Because metabolism is fundamental in sustaining microbial life, drugs that target pathogen-specific metabolic enzymes and pathways can be very effective. In particular, the metabolic challenges faced by intracellular pathogens, such as Mycobacterium tuberculosis, residing in the infected host provide novel opportunities for therapeutic intervention.


We developed a mathematical framework to simulate the effects on the growth of a pathogen when enzymes in its metabolic pathways are inhibited. Combining detailed models of enzyme kinetics, a complete metabolic network description as modeled by flux balance analysis, and a dynamic cell population growth model, we quantitatively modeled and predicted the dose-response of the 3-nitropropionate inhibitor on the growth of M. tuberculosis in a medium whose carbon source was restricted to fatty acids, and that of the 5'-O-(N-salicylsulfamoyl) adenosine inhibitor in a medium with low-iron concentration.

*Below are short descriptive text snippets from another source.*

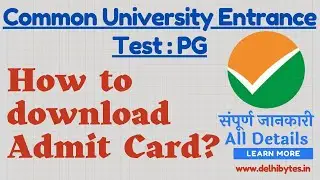 CUET: PG || Entrance Exam 2022 || How to Download Admit Card || Notification || All Details ||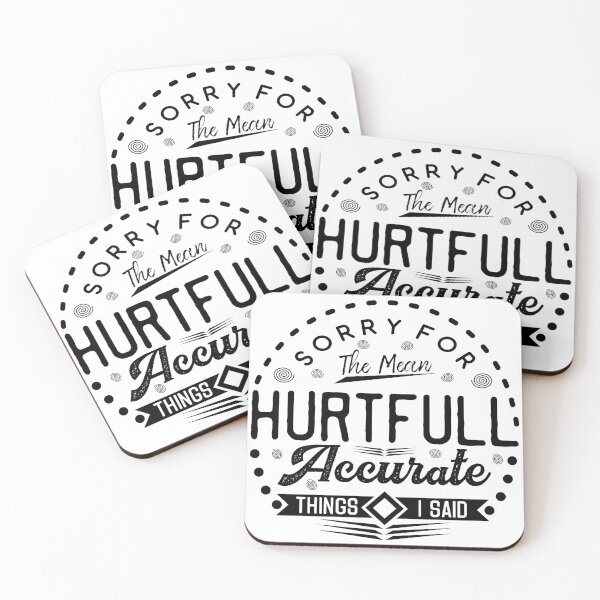 Item preview, Sorry For the Mean Hurtful Accurate Things I Said Funny Quote designed and sold by socialarmour.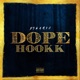 Dope Hookk feat Dezmen Single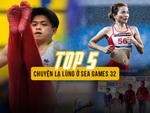 Top 5 chuyện lạ lùng ở SEA Games 32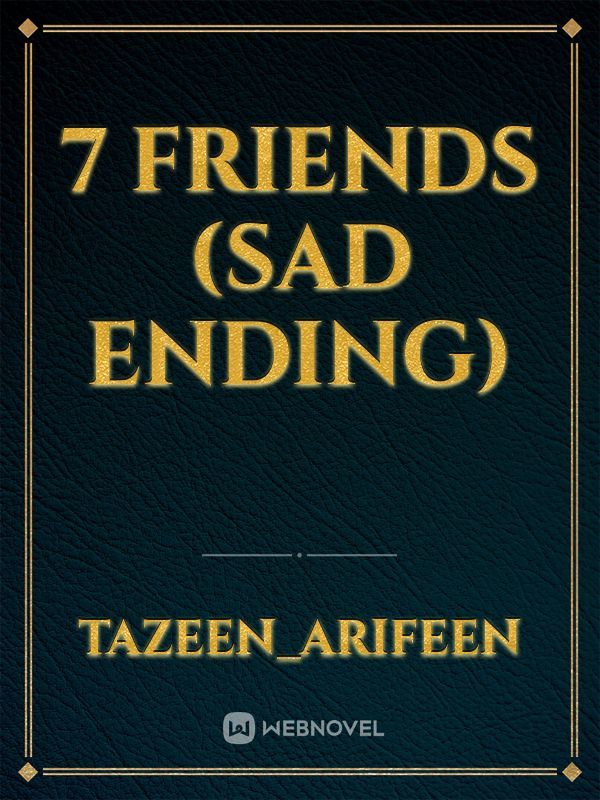 7 Friends (sad ending)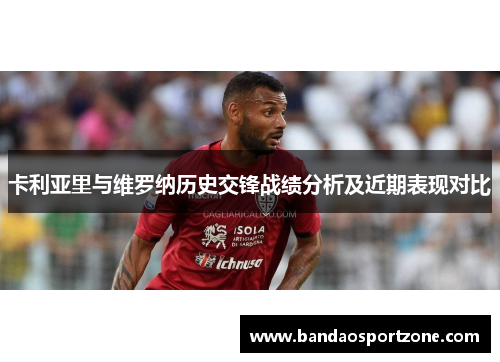 卡利亚里与维罗纳历史交锋战绩分析及近期表现对比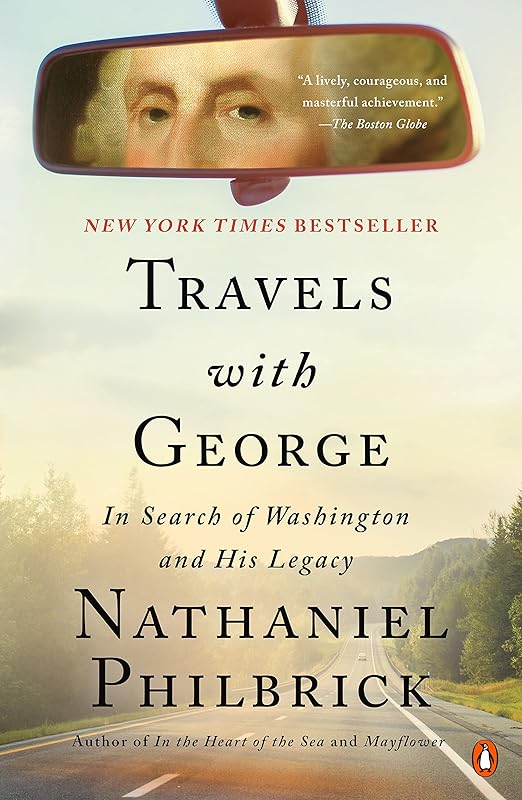 Travels with George: In Search of Washington and His Legacy by Nathaniel Philbrick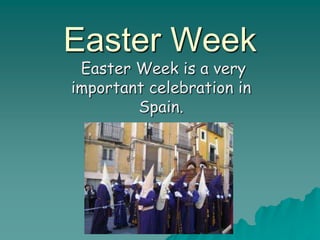 Easter Week
Easter Week is a very
important celebration in
Spain.
 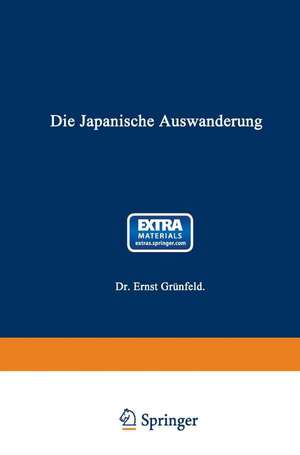 Die Japanische Auswanderung de Ernst Grünfeld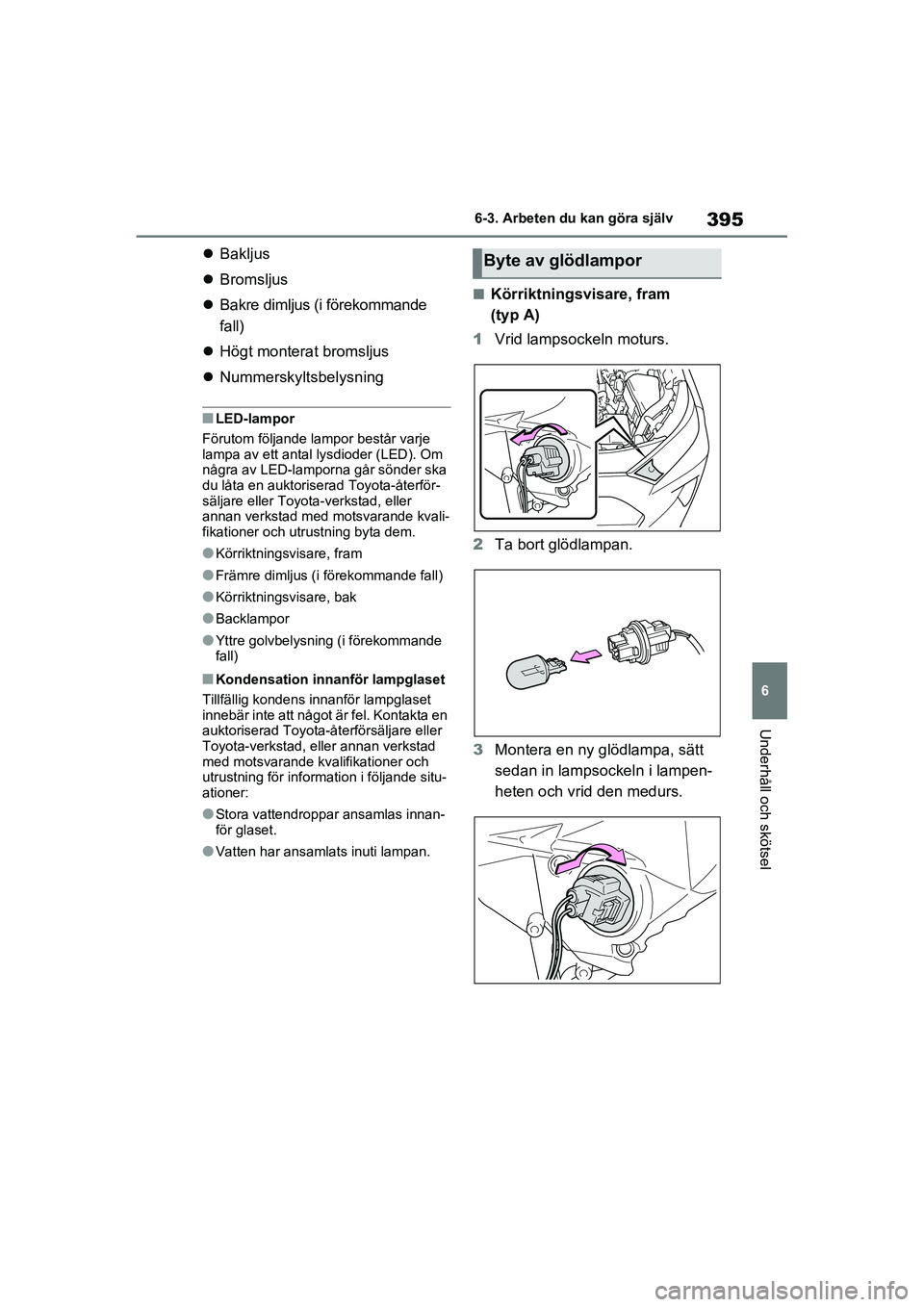 TOYOTA RAV4 2021  Bruksanvisningar (in Swedish) 395
6
6-3. Arbeten du kan göra själv
Underhåll och skötsel
OM42D32SE

Bakljus
 Bromsljus
 Bakre dimljus (i förekommande 
fall)
 Högt monterat bromsljus
 Nummerskyltsbelysning
■L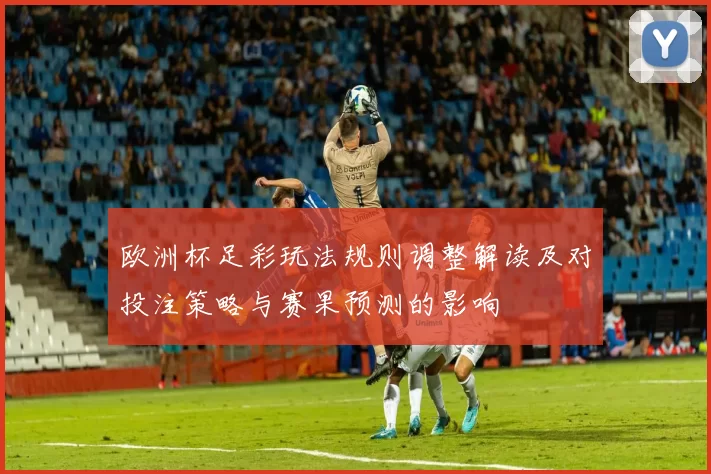 欧洲杯足彩玩法规则调整解读及对投注策略与赛果预测的影响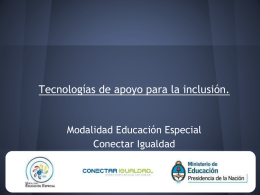 Tecnologías de apoyo para la inclusión. Modalidad Educación
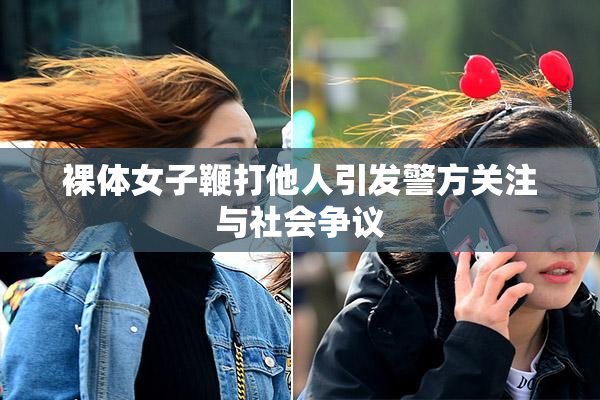 裸体女子鞭打他人引发警方关注与社会争议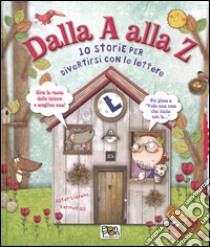 Dalla A alla Z. 10 storie per divertirsi con le lettere. Ediz. illustrata libro di Gil Carmen; Llorens Ester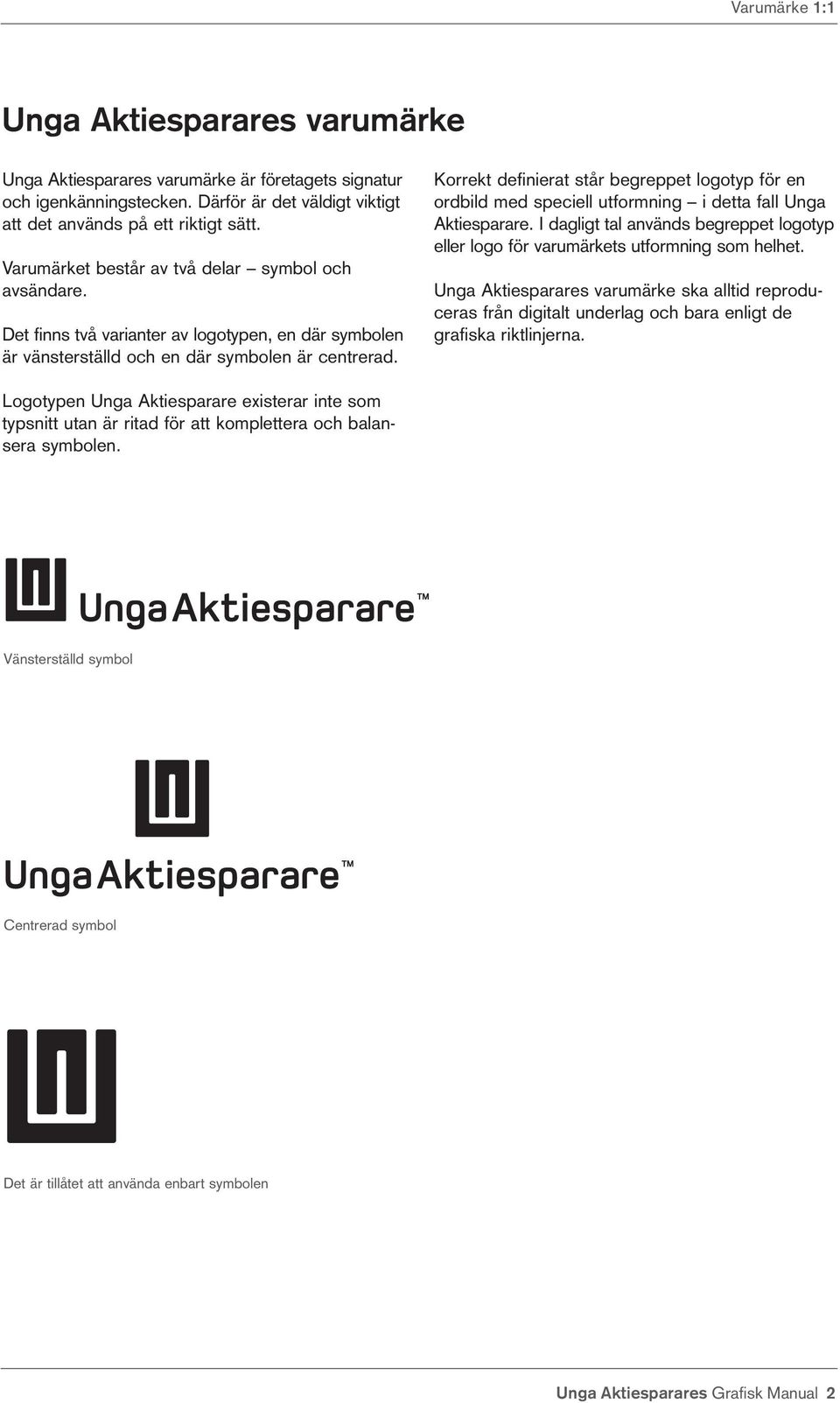 Korrekt definierat står begreppet logotyp för en ordbild med speciell utformning i detta fall Unga Aktiesparare.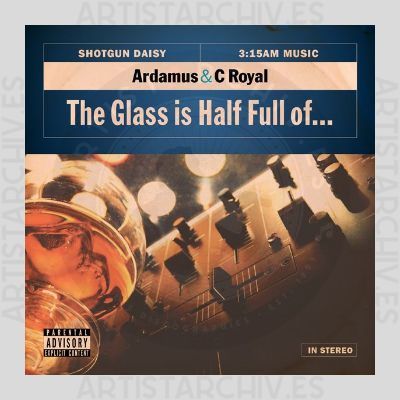 Ardamus & C Royal - The Glass Is Half Full Of...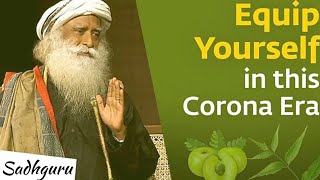 Equip Yourself For The “Corona Era” | Corona 2021 | Sadhguru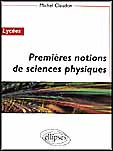 Emprunter Premieres notions de sciences physiques. Lycées livre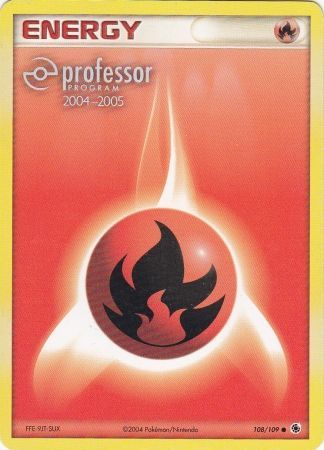 Fire Energy (108/109) (2004 2005) [Professor Program Promos] | Anubis Games and Hobby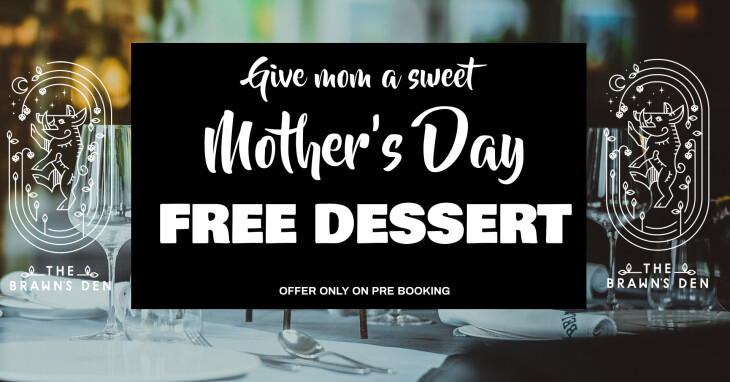 Mothers Day: FREE DESSERT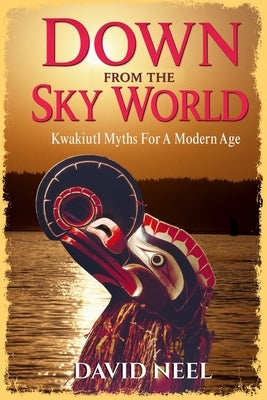Down From The Sky World: Kwakiutl Myths For A Modern Age: Kwakiutl Myths For A Modern Age by Neel, David Anthony
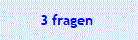 3 fragen 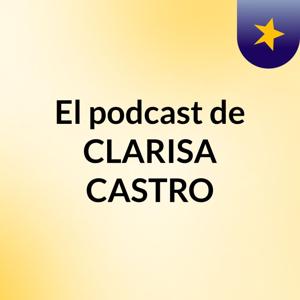 El podcast de CLARISA CASTRO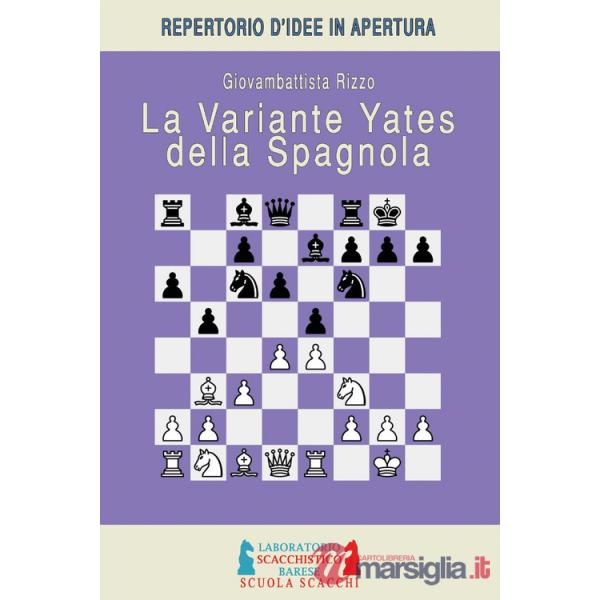 Variante Yates della Spagnola (La)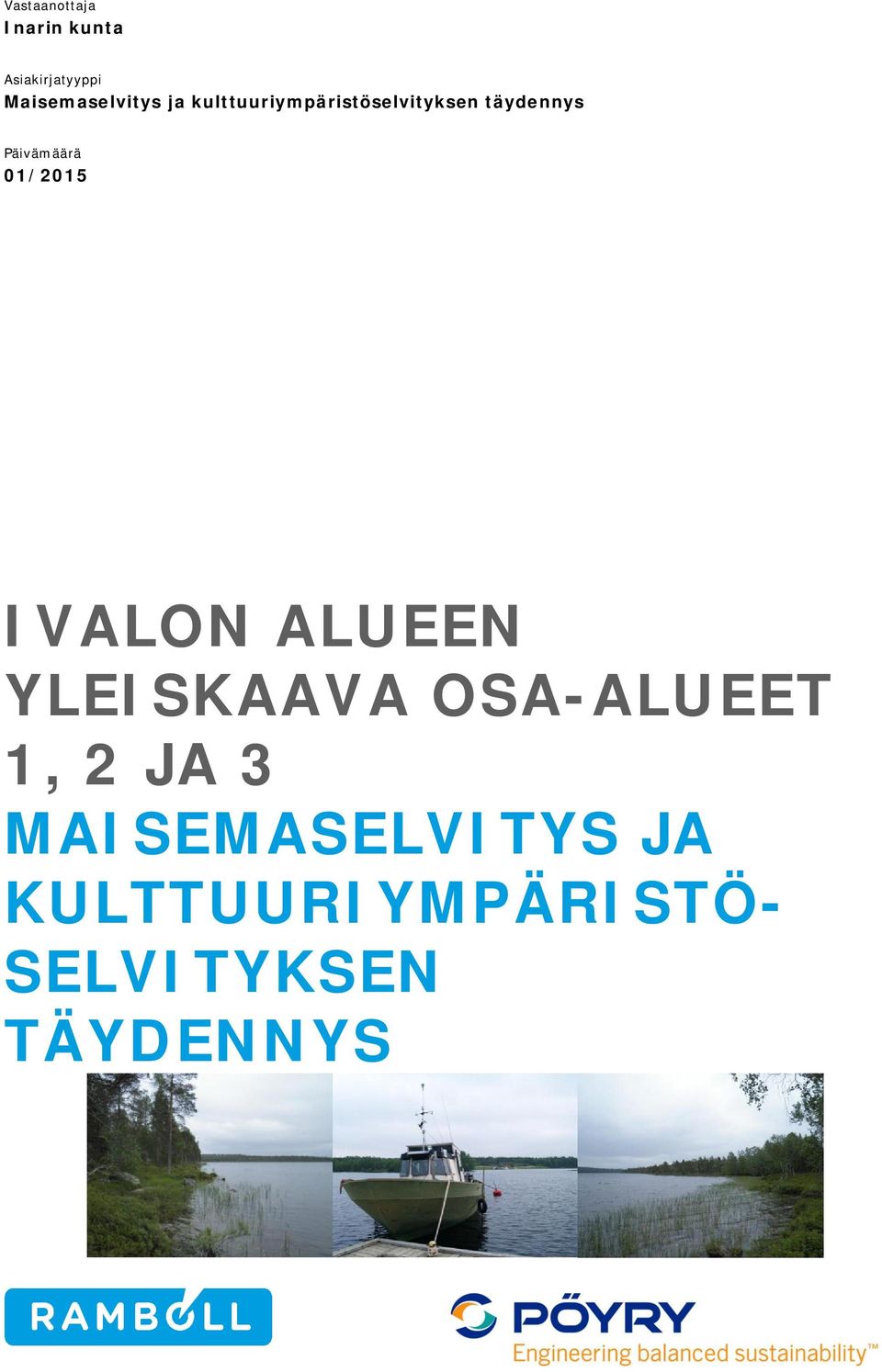 täydennys Päivämäärä 01/2015 IVALON ALUEEN YLEISKAAVA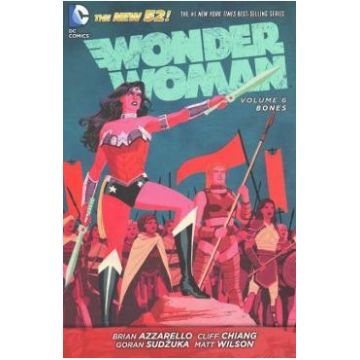 Wonder Woman Vol. 6: Bones (The New 52) - Brian Azzarello, Cliff Chiang, Goran Sudzuka
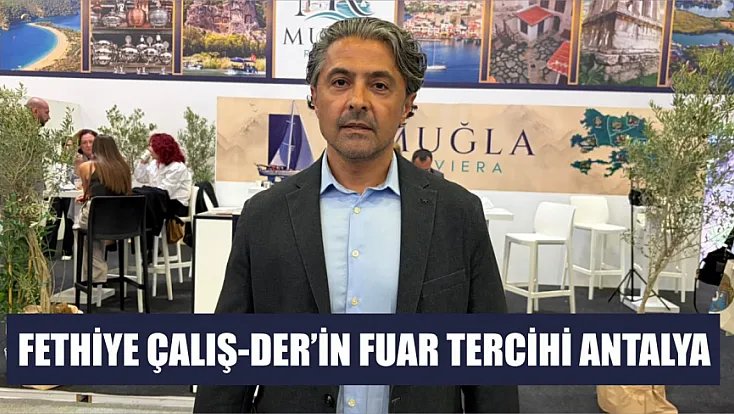 Fethiye Çalış-Der’in fuar tercihi Antalya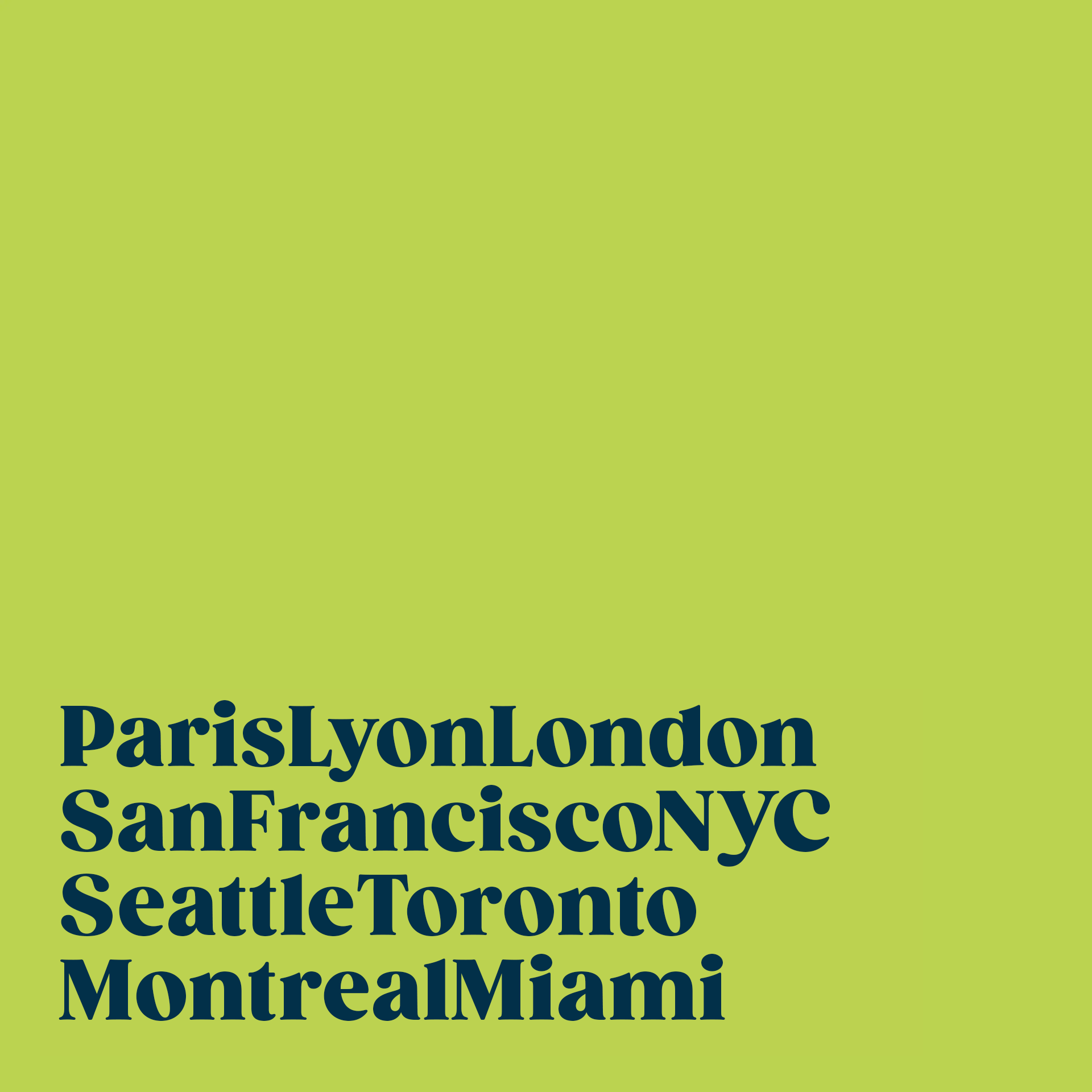 Paris lyon london san francisco nyc seattle toronto montreal miami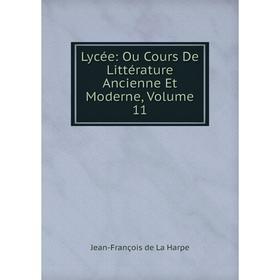

Книга Lycée: Ou Cours De Littérature Ancienne et moderne, Volume 11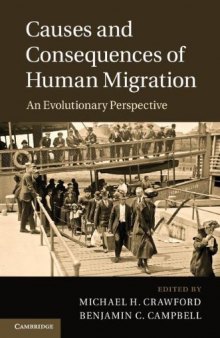 Causes and Consequences of Human Migration 1107644649: An Evolutionary Perspective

The predicted results quantitatively reproduced the experimentally measured dose-response curves, ranging over three orders of magnitude in inhibitor concentration. Thus, by allowing for detailed specifications of the underlying enzymatic kinetics, metabolic reactions/constraints, and growth media, our model captured the essential chemical and biological factors that determine the effects of drug inhibition on in vitro growth of M. tuberculosis cells.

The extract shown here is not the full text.